> **SUPPLIED DATA**:
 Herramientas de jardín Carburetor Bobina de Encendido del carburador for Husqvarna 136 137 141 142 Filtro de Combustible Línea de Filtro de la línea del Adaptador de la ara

...

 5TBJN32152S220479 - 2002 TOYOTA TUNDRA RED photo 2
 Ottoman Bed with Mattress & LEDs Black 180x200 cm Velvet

> **WHAT YOU NEED TO DO**:
Once you find the line with "5TBJN32152S220479 - 2002" above, print it and every line after it up to and including the line with "Ottoman Bed with", exactly as written and nothing else.

> **WRITTEN SOLUTION**:
 5TBJN32152S220479 - 2002 TOYOTA TUNDRA RED photo 2
 Ottoman Bed with Mattress & LEDs Black 180x200 cm Velvet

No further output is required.